The code can be organized around the decision points and action sections as follows:

   // Action sections of code are implemented as functions whose
   // prototypes are given below.
   // All input tokens are treated as strings even if they are numbers.
   // Hence, arithmetic operations can be performed only through 
   // appropriate conversions to C++ type int or long
   void pushOperator(char *op) { /* push op onto Operator stack */ }
   void pushOperand(char *operand) { /* push operand onto Operand stack */ }
   void computeWithInputToken(char *number) {
      /* performs task of action 3) above where <number> is the
         token read from the input line */
   }
   void computeWithOperandsOnly() {
      /* performs task of action 4 above */
   }

   // Use this type to distinguish token and previous token (circle) types
   enum Type { LParen, Number, Operator, RParen };

   // This function determines the type of input token.  Token types are
   // LParen (that is, '('), Number, Operator, and RParen (that is, ')')
   Type tokenType(char *token) { ... }

   // The following outlines the decision points.
   // Comments refer to circles of the figure above. The value of variable 
   // "previous_type" signifies both the current decision point and a circle.
   // Values are Number, Operator, RParen representing, respectively, lower 
   // left, top, lower right circles in the above Figure.  The variable
   // is never given the value LParen since there is no such state.
   Type previous_type = Operator;  // The initial circle (top circle in the figure)
   ...
   Type type = tokenType (token);

   // From the lower right circle or the lower left circle, if the token is an
   // operator, perform action [1] and enter the top circle
   if ((previous_type == RParen || previous_type == Number) && type == Operator)
      pushOperator(token);           // action [1]

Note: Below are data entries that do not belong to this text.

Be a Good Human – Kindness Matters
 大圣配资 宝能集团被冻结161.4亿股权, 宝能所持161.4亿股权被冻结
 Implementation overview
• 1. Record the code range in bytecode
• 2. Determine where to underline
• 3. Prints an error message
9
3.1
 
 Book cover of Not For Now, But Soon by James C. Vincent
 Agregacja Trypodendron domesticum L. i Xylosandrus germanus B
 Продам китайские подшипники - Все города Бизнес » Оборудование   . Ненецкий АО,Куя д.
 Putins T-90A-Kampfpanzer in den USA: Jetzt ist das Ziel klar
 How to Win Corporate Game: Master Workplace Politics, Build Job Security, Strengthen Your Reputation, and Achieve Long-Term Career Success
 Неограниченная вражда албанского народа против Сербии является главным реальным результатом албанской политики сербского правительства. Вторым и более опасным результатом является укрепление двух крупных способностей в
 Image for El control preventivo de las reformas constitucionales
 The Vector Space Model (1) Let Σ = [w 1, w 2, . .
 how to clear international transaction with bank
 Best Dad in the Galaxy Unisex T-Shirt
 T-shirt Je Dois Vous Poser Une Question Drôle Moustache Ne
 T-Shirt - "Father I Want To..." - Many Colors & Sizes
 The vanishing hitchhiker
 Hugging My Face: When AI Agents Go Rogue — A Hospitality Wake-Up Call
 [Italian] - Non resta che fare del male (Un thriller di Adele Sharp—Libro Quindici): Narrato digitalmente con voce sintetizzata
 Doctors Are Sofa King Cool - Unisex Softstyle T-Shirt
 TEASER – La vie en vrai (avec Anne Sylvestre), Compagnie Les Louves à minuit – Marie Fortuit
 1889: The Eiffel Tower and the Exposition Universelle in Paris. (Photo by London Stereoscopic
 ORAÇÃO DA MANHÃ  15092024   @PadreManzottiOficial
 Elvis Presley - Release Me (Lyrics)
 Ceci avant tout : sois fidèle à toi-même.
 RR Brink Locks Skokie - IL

   // From the top circle, if the token is a Number,
   // perform action [3] and enter the lower left circle.
   else if (previous_type == Operator && type == Number) 
      computeWithInputToken(token);  // action [3]

   // From the lower right circle or the lower left circle, if the token is a 
   // right paren, perform action [4] and enter the lower right circle.
   else if ((previous_type == RParen || previous_type == Number) && type == RParen)
      computeWithOperandsOnly();     // action [4]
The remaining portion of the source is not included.